> Data provided
====

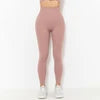 2025 High Waist Buttocks Pleated Buttocks Elastic Fitness Gym Yoga Sports Leggings for Women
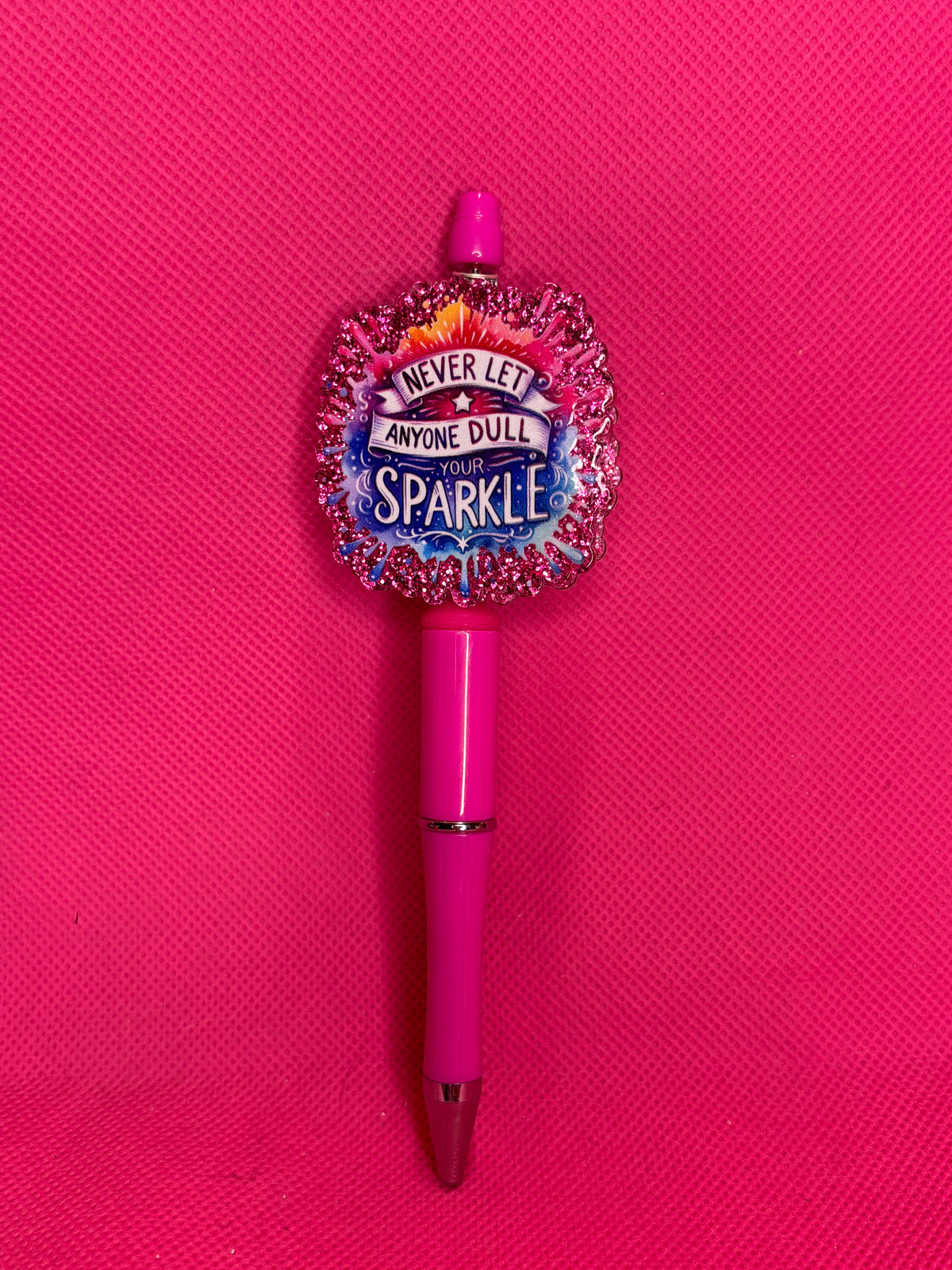 Handmade Cutesy Bead Pens | Two-Sided Acrylic Toppers | Coquette, Soft Aesthetic & Sweet Designs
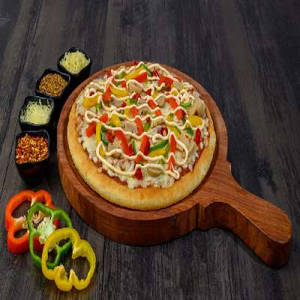 Veg Mexican Pizza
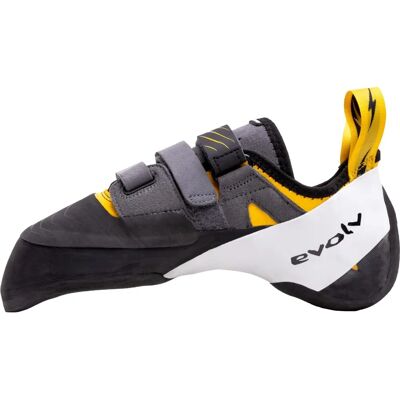 Evolv Shaman - Grigio - Scarpe da Arrampicata Aggressive - Scarpe da Arrampicata Evolv Shaman - Grigio - Scarpe da Arrampicata Aggressive - Scarpe da Arrampicata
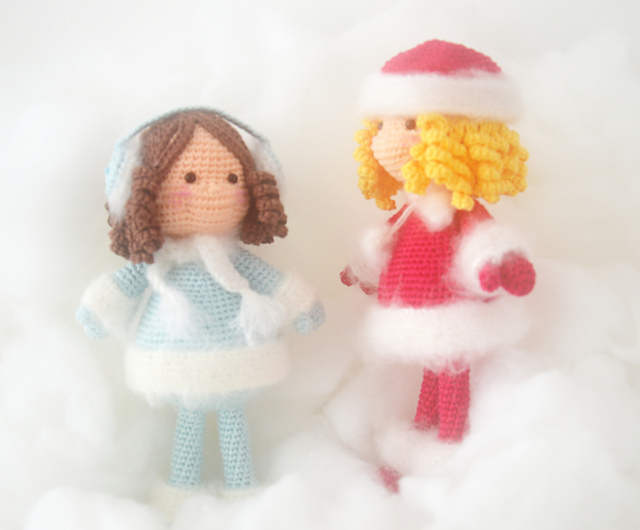 Winter Dolls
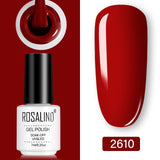 ROSALIND Gel Polish Set Top-Base coat/Semi Permanent Primer(a)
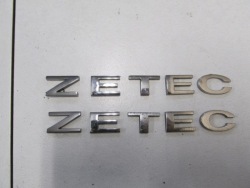 Знак емблема zetec фото №1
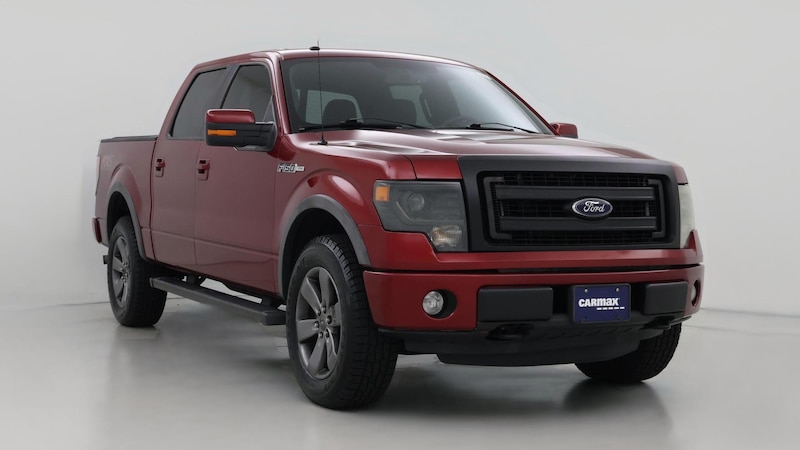 2014 Ford F-150 FX4 Hero Image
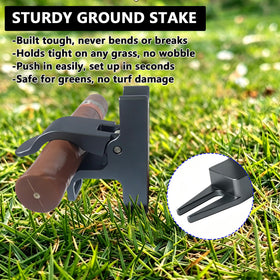 Makcoolen compact portable gift for golfers and cigar enthusiasts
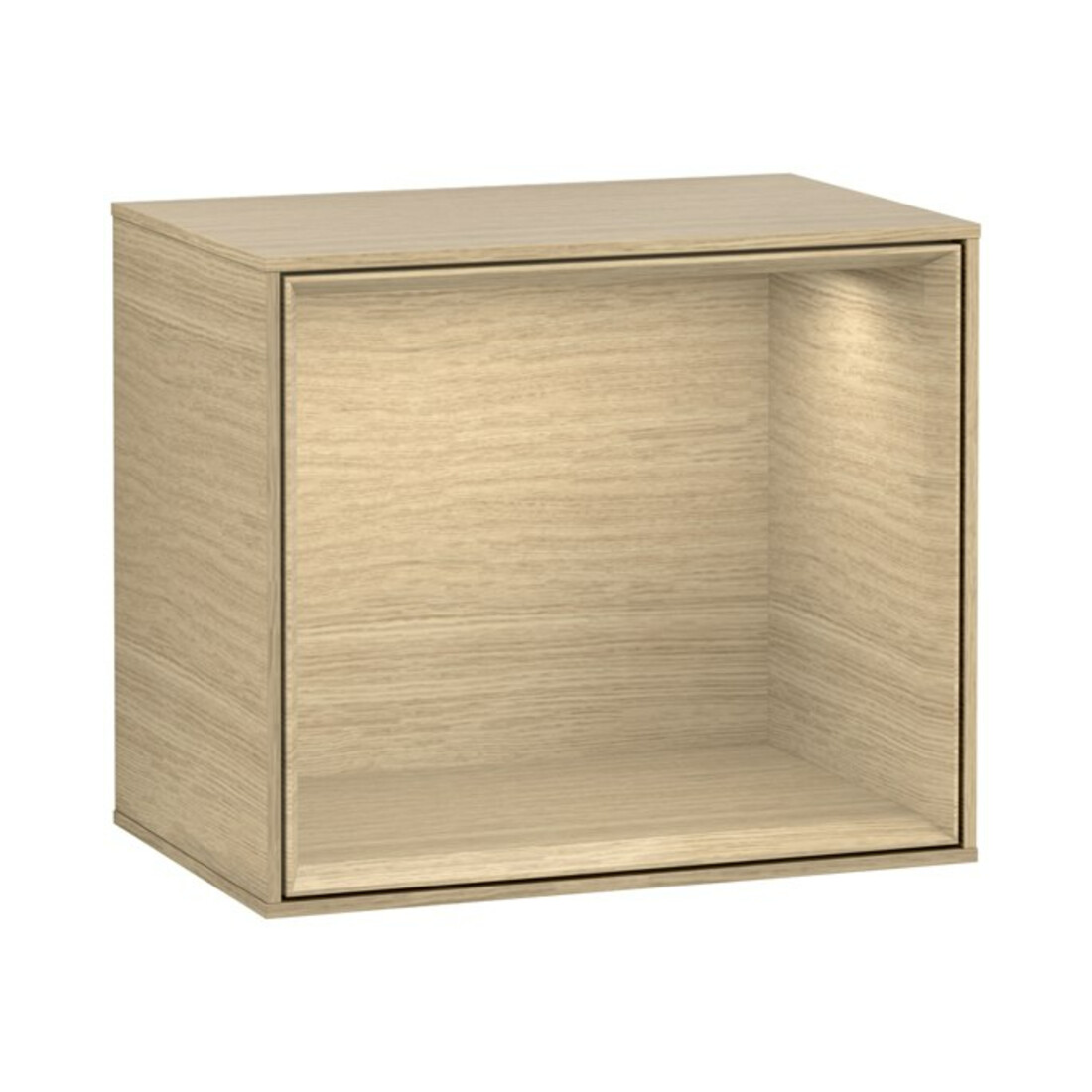V&B Regalmodul Finion 41,8x35,6x27cm, Reg Oa ven, Oak Veneer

====

For this exercise, retype the data above exactly and skip every image.

 2025 High Waist Buttocks Pleated Buttocks Elastic Fitness Gym Yoga Sports Leggings for Women
 Handmade Cutesy Bead Pens | Two-Sided Acrylic Toppers | Coquette, Soft Aesthetic & Sweet Designs
 Veg Mexican Pizza
 Evolv Shaman - Grigio - Scarpe da Arrampicata Aggressive - Scarpe da Arrampicata Evolv Shaman - Grigio - Scarpe da Arrampicata Aggressive - Scarpe da Arrampicata
 Winter Dolls
 ROSALIND Gel Polish Set Top-Base coat/Semi Permanent Primer(a)
 Знак емблема zetec фото №1
 2014 Ford F-150 FX4 Hero Image
 Makcoolen compact portable gift for golfers and cigar enthusiasts
V&B Regalmodul Finion 41,8x35,6x27cm, Reg Oa ven, Oak Veneer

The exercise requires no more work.